In my case, my old photography teacher and I were half-heartedly communicating for roughly two weeks about a lesson on a 1930s camera. He had things going on. I was sick and busy. I think we both just weren’t pulled to make something happen. So I allowed those two weeks, and then I got the itch.
Even though I didn’t 100% feel like it, I started small: I asked when he was available - which coincidentally happened to be that same day. I drove there and we met for 3 hours, both so excited to talk about the camera and learn it. It was awesome.
And so you tiptoe one little feeler out there. And then your line snags, the universe responds.
Trusting Yourself
This relationship with ebb and flow is also a matter of your relationship with yourself. It’s about trusting yourself, really. You have to trust yourself with the way you feel and allow yourself to feel that way.
Then trust yourself to keep you honest when you know it’s time to start scratching the surface even if you’re not totally pumped to do it.
Then you trust that your efforts will be received by the universe. And if they are not - if your attempts take time and once you've gotten there you still don’t feel like they are received, then you find another way around, a new route, a new relationship, a new method of applying for jobs. You try different things and you keep going.
Because no thing is more important than you staying with yourself. No matter what, you stay focused on yourself and what you want for your life. You go after that with everything you have while respecting your exhaustion and your need for happiness and peace of mind.
Authentic Effort
Continue to put yourself out there even when you don't think your work is amazing or perfect anymore. You know sometimes when you’ve spent a lot of time creating something, somewhere down the line you get hit with this feeling that it suddenly doesn't seem as good as you hoped?
Just keep putting yourself out there. If you want to adjust a bit, adjust a bit. Not everything has to be perfect, or what you thought it was going to be.
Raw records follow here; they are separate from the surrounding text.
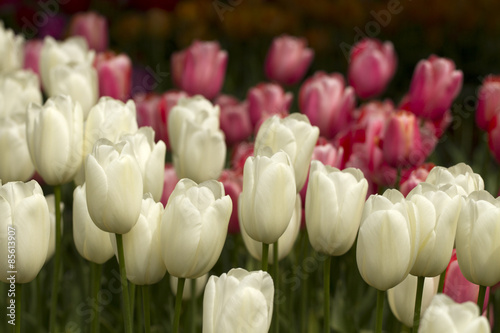 Naklejka tulipan rolnictwo waszyngton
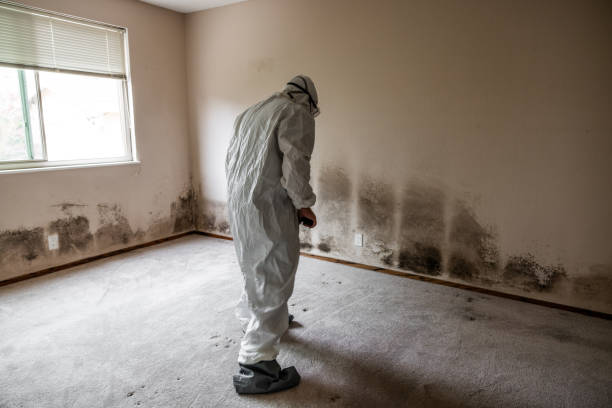 Best Toxic Mold Removal  in Columbia, TN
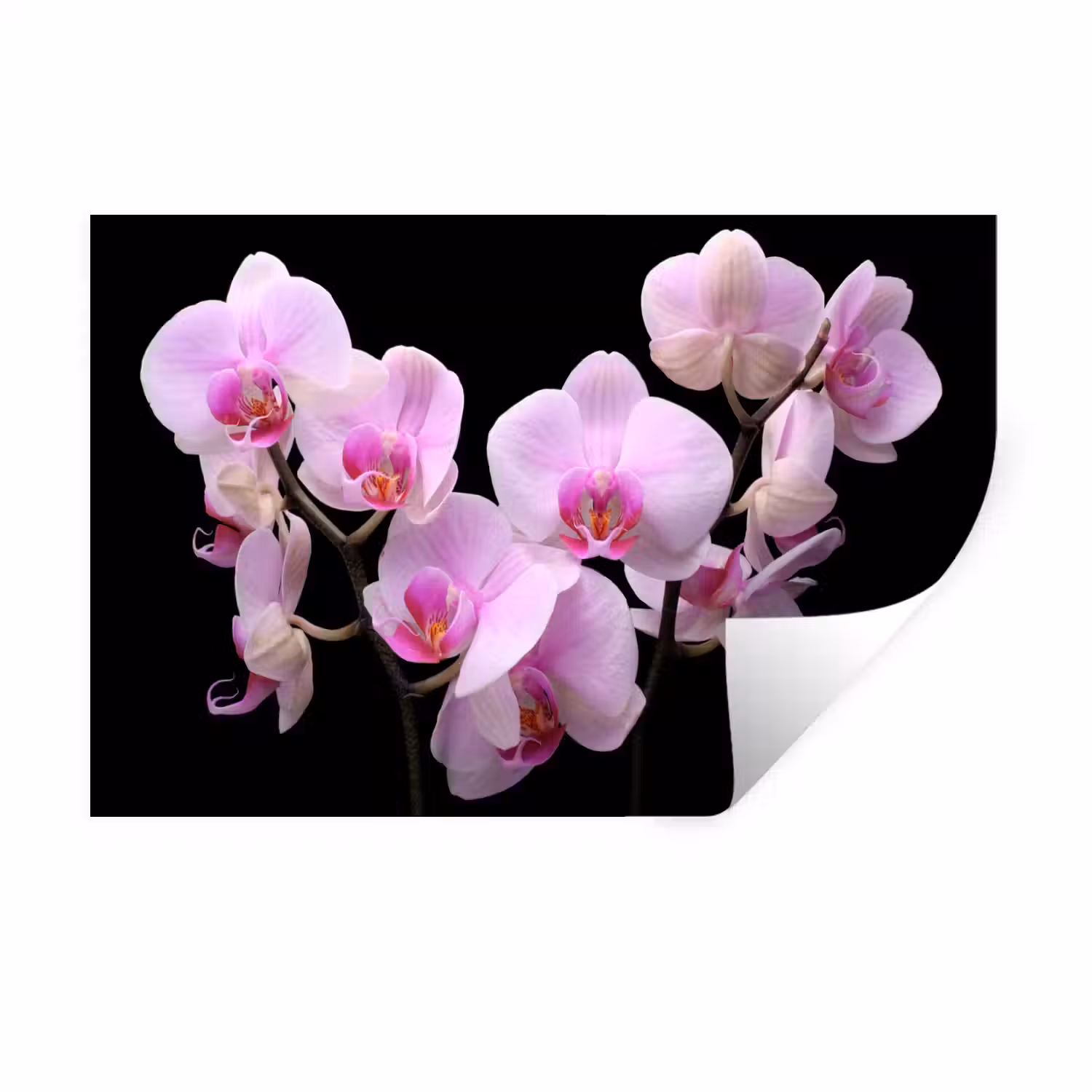 Orchidee - Bloemen - Roze - Flora Muursticker klein -3d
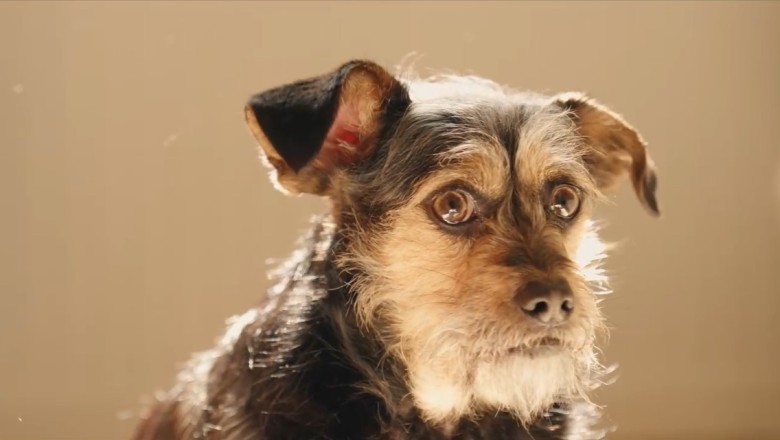 Adorable Dog's Hilarious Antics Will Melt Your Heart!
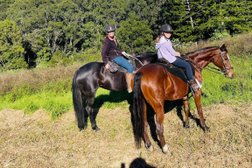 Horse Riding Hub - Beginner Horse Rider Education Specialist Photo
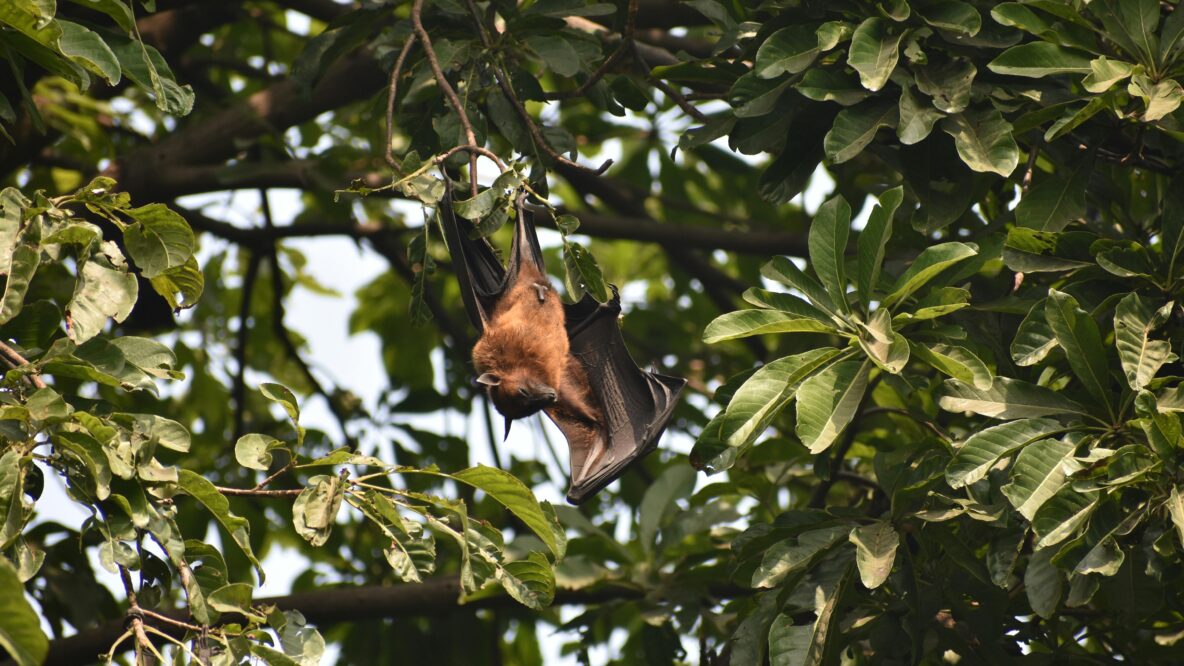 Bat hanging in a tree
This one simple effort is the only difference between you and the famous musicians, #1 best selling authors, entrepreneurs (that don’t have some family inheritance advantage): they keep throwing themselves out there through imperfect attempts and unreceived attempts.
Think about pieces of art you've looked at as you caught yourself saying, "My goodness I could make something better than this." But you’re not in that gallery because you don’t. The artist is in that gallery because she simply did keep making, what she thought was great and not great, through those voices.
This lesson has been so amazing for me. When I look back at my blog, I am more proud that I kept putting myself out there even when I didn’t think what I wrote was perfect anymore.
Because in the big picture, it’s authenticity that is beautiful, that we need more of. Things we all feel. Things we all can relate to. Errors, typos, passions that are messy. Not perfect words. If I beat myself up about getting it all right and perfect, I am sure I would have withheld blog posts and I am sure my blog would not be where it is today. And if I wrote with that mentality of writing perfectly, my blog would feel stale to you. It would be empty and have nothing special that resonated with you. It would be like things you’ve already read in mainstream books.
Don’t ask yourself what the world needs. Ask yourself what makes you come alive, and then go do that. Because what the world needs is people who have come alive.
-Harold Thurman Whitman
So, stay reasonable. Don’t force yourself to some point of exhaustion, but stay focused through doubts or setbacks.
Your life is yours. Hopefully one day it will be shared if it’s not already. But you need to fulfill your birthright, which is to have your own happy existence and allow everything else to be beautiful, glorious add-ons.